» **Assignment**:
Copy exactly the line containing "istock mashed potatoes" and all the lines that follow it to the end of the records, minus the pictures.

Given records Block Start

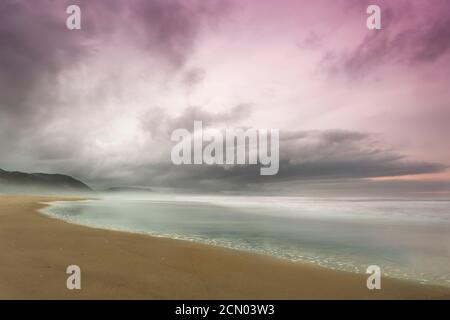 the beach in a dramatic sky and soft waves captured Stock Photo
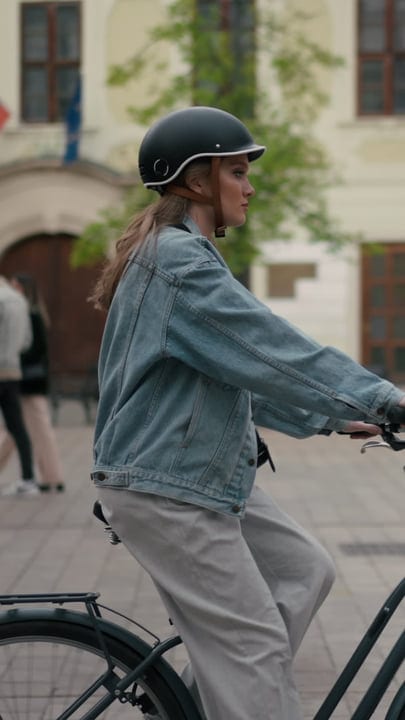 Woman in Denim Jacket Cycling Through Urban Square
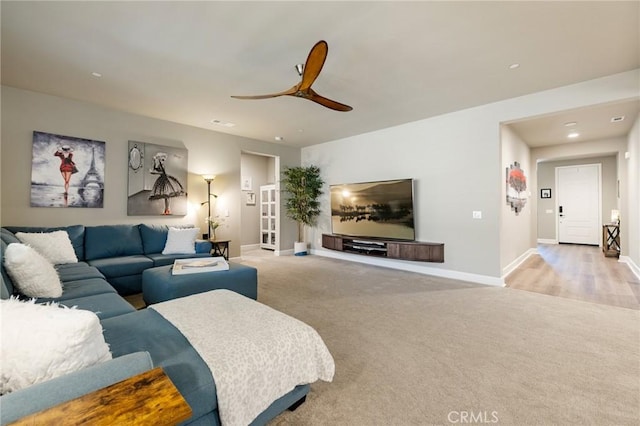 24420 Crooked Trail Dr, Menifee, CA 92584 - living area featuring light carpet, a ceiling fan, and recessed lighting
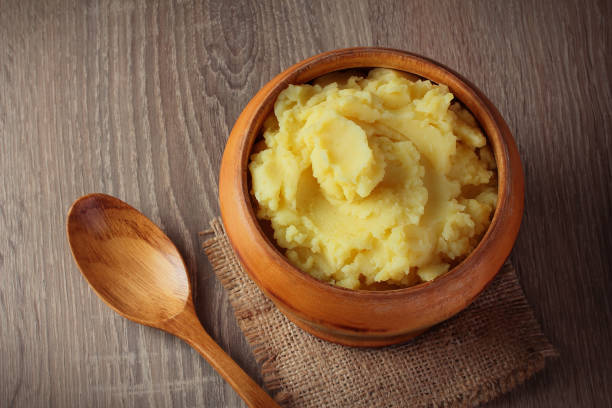 istock mashed potatoes puree in wooden bowl on table with spices 1137251703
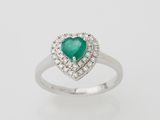 an emerald and diamond heart ring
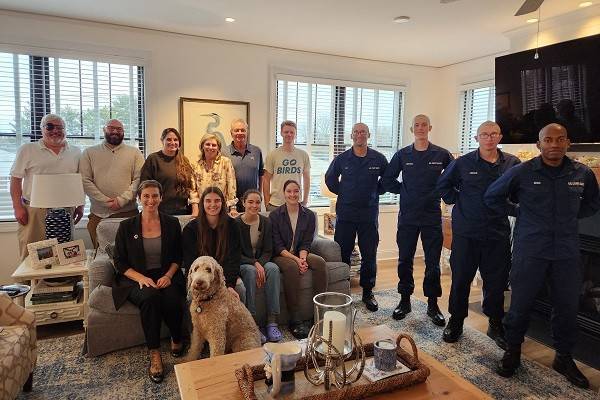 group of U.S. coast guards and a family in a home pose for picture.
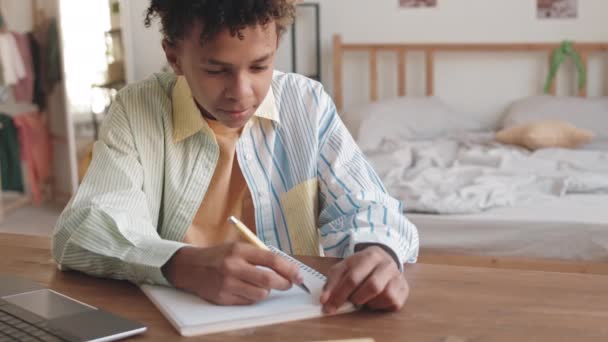 Stab Wide UpショットのBiracial十代の男の子でカジュアルウェア取るノートでコピーブックに家で勉強しながら使用ノートパソコン — ストック動画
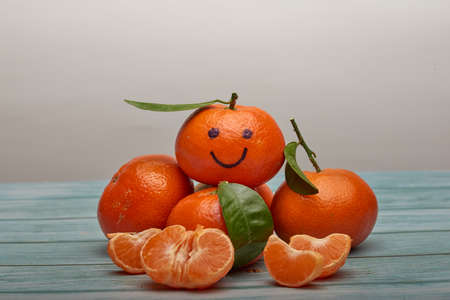 A nice and juicy tangerine rich in vitamin C.の写真素材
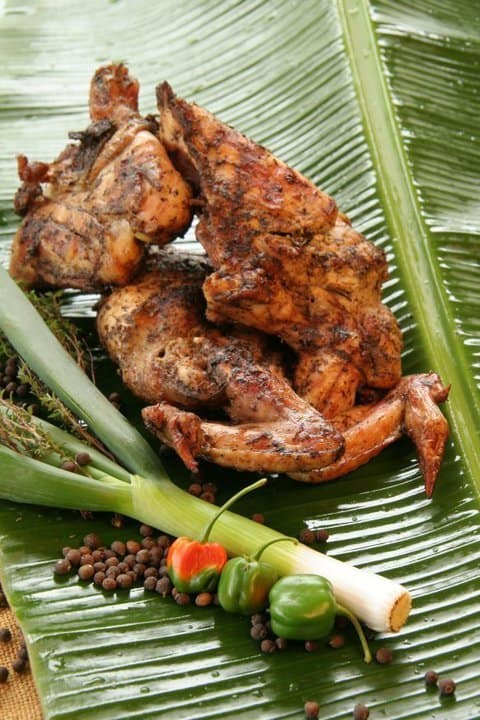 Grilled chicken on a banana leaf.
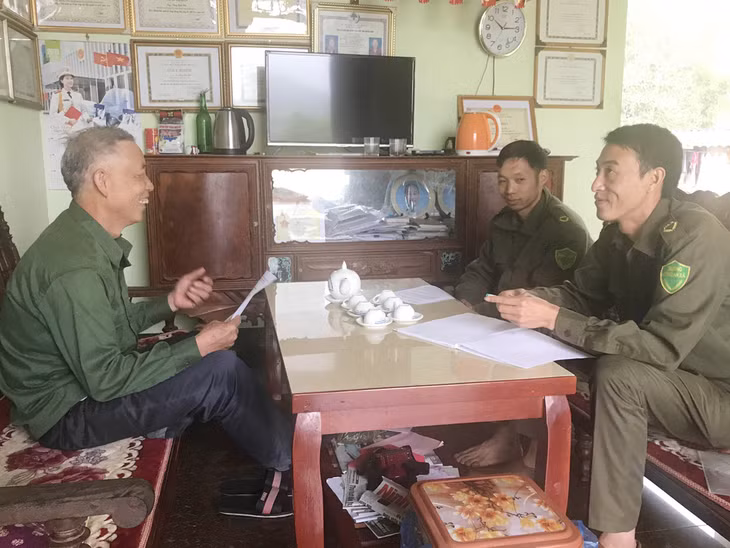 Ông Tằng Sinh Pẩu (bên trái) đang bàn với lực lượng công an xã về cách tuyên truyền pháp luật cho người dân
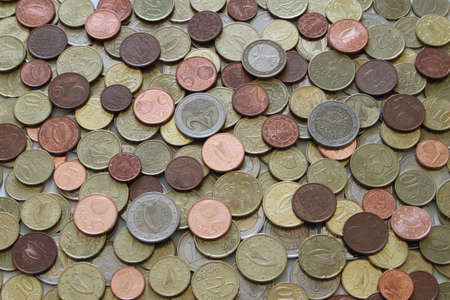 A large selection of used Euro coins の写真素材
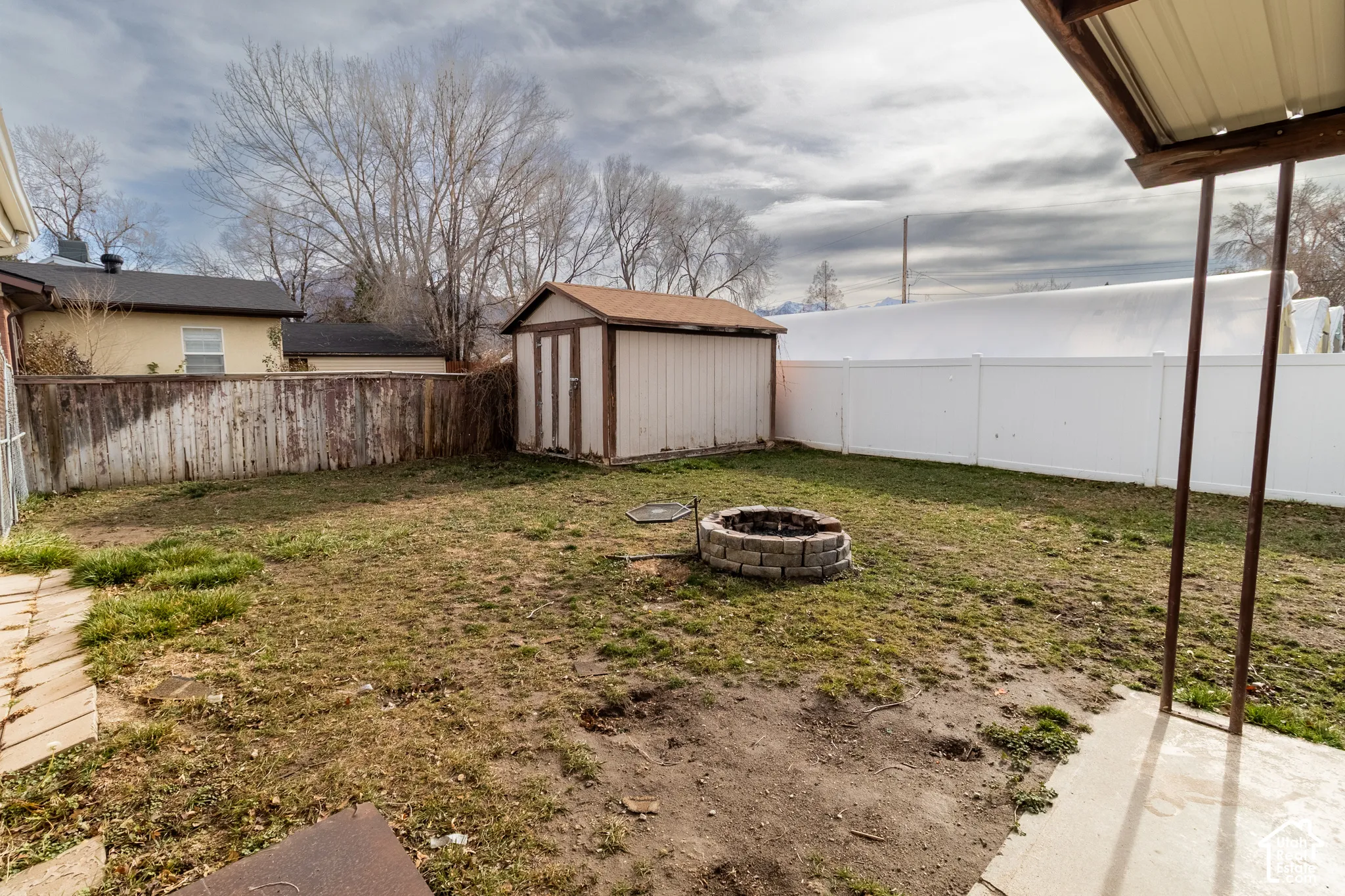 Backyard featuring a concrete patio, a stone fire pit, a detached storage shed, and a combination of wood and vinyl fencing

Given records Block End

» **Completed exercise**:
 istock mashed potatoes puree in wooden bowl on table with spices 1137251703
 an emerald and diamond heart ring
 group of U.S. coast guards and a family in a home pose for picture.
 Stab Wide UpショットのBiracial十代の男の子でカジュアルウェア取るノートでコピーブックに家で勉強しながら使用ノートパソコン — ストック動画
 A nice and juicy tangerine rich in vitamin C.の写真素材
 Grilled chicken on a banana leaf.
 Ông Tằng Sinh Pẩu (bên trái) đang bàn với lực lượng công an xã về cách tuyên truyền pháp luật cho người dân
 A large selection of used Euro coins の写真素材
 Backyard featuring a concrete patio, a stone fire pit, a detached storage shed, and a combination of wood and vinyl fencing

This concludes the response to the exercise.